Applications of information theory in economics? What are some direct applications of information theory in economics theory and/or finance? Any relevant articles, surveys, or book references are appreciated (especially if they are targeted to readers unfamiliar with economics).
 A: An example in finance is represented by  credit risk modeling. In this specific application one tries to classify debtors with classification / prediction models. In other words, one is interested in knowing whether a given debtor-which is represented by a collection of features extracted from financial statements and qualitative information-will default or not, in a given horizon (usually 12 months). Classification problems are then solved using (among others) KNN (K-nearest neighbors), regression / classification trees and logistic regressions.
More modern methods are represented by SVM (support vector machines) or generalized mixed linear models (GLMM).
In statistical model selection and classification tree formation it is quite common to use "optimization / model selection" criteria coming from information theory.

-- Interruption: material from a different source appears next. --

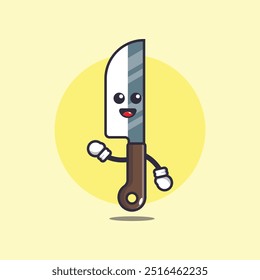 Ilustración vectorial de dibujos animados de cuchillo de personaje lindo.
Ilustración vectorial de la historieta conveniente para el cartel, el volante, el Web, la mascota, la etiqueta engomada, el logotipo y el icono.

The most known is probably the AIC (Akaike's Information Criterium). These criteria are usually defined by formulae involving Shannon's entropy, or Kullback Leibler's divergence. This latter is the Bregman divergence generated by (minus) the Shannon entropy. More general formulations can also be used.
A: -Stochastic portfolio theory by Dr Robert Fernholz (2002) uses Shannon's entropy measure to create  functionally generated portfolios of stocks. Today, Dr Fernholz runs a Fund based on his insights into Stock Market dynamics.
-IN portfolio management Constant proportion insurance (CPPI)  is an algorithm of portfolio management that allows controlled behavior portfolios an a degree of capital protection. CPPI algorithm is derived from Kelly's Criterion for capital management which in turn is an application to gambling of Shannon's Information Theory.